Repeat each record below exactly, dropping the pictures.

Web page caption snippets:
------------------------------------------------------------

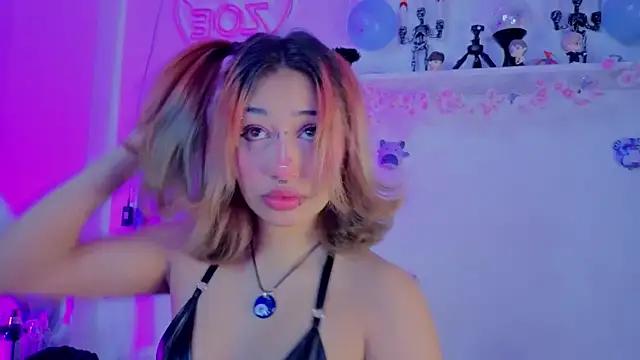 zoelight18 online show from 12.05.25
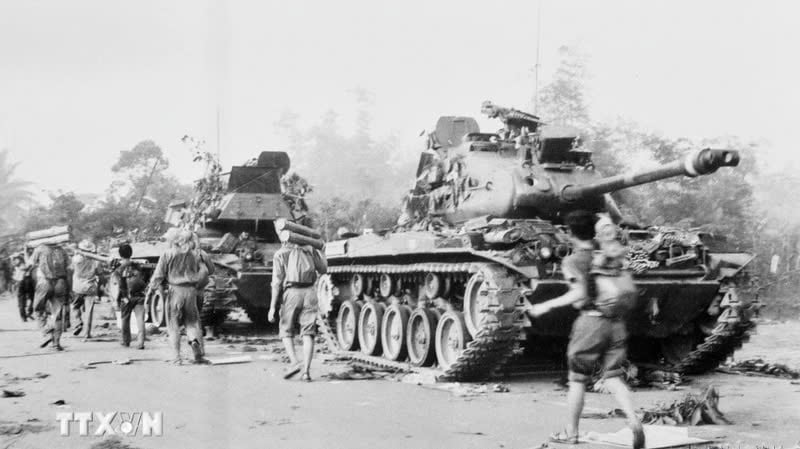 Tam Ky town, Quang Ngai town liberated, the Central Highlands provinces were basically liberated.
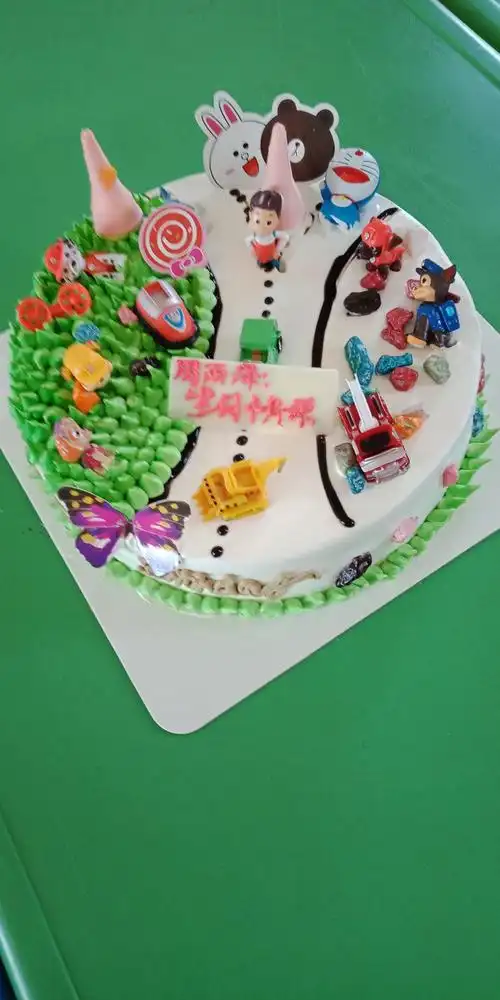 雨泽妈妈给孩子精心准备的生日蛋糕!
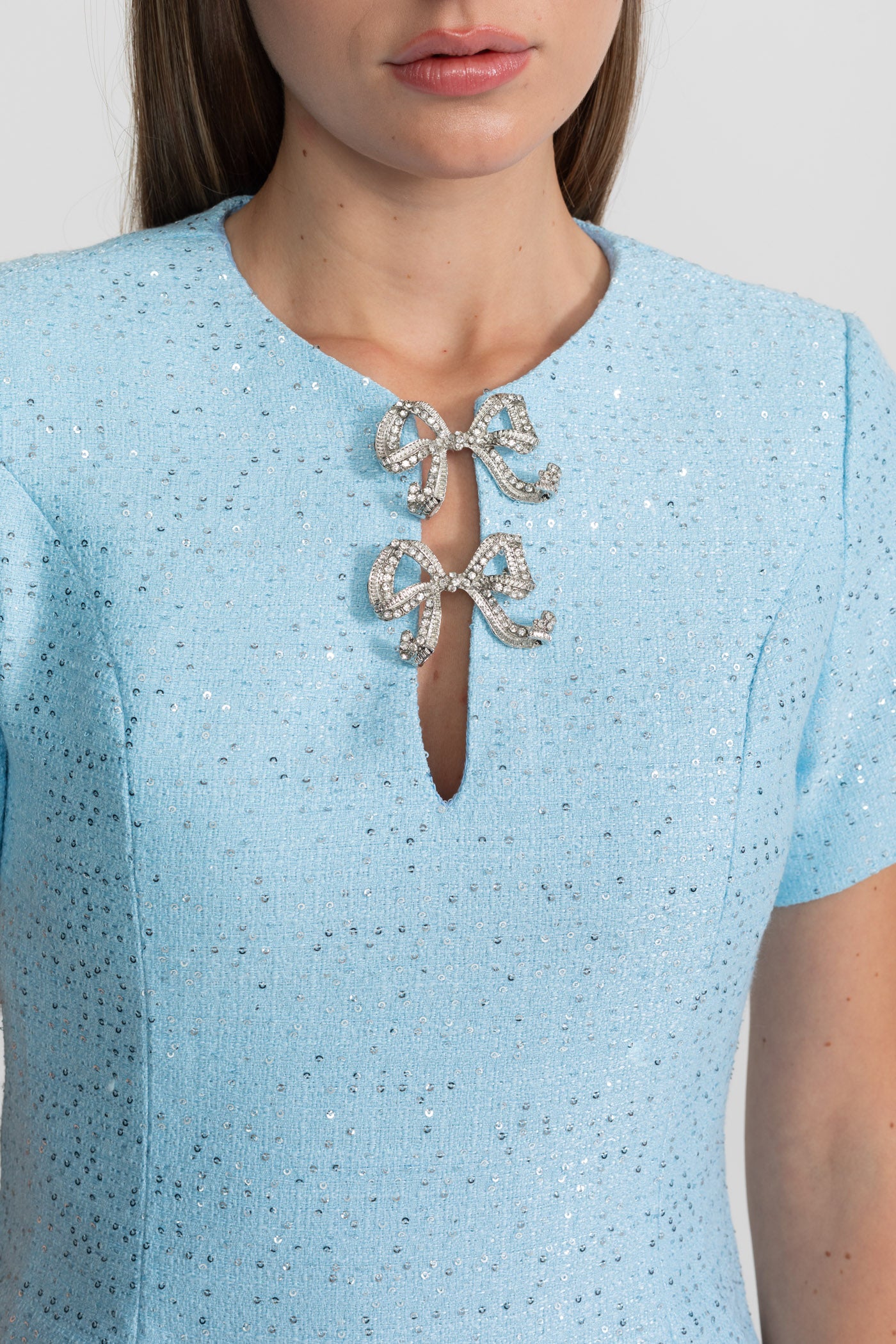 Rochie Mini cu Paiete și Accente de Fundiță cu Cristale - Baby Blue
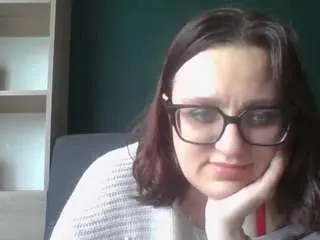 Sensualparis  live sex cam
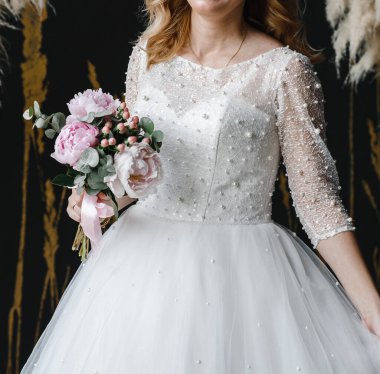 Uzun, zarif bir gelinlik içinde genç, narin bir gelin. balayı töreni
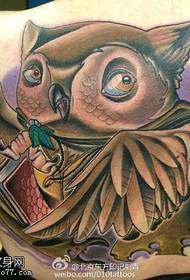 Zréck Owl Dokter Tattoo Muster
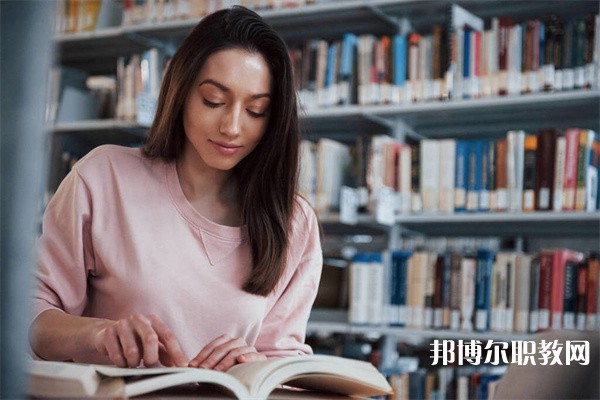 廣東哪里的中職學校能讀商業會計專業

------------------------------------------------------------

● RESPONSE TO THE EXERCISE:
 zoelight18 online show from 12.05.25
 Tam Ky town, Quang Ngai town liberated, the Central Highlands provinces were basically liberated.
 雨泽妈妈给孩子精心准备的生日蛋糕!
 Rochie Mini cu Paiete și Accente de Fundiță cu Cristale - Baby Blue
 Sensualparis  live sex cam
 Uzun, zarif bir gelinlik içinde genç, narin bir gelin. balayı töreni
 Zréck Owl Dokter Tattoo Muster
 廣東哪里的中職學校能讀商業會計專業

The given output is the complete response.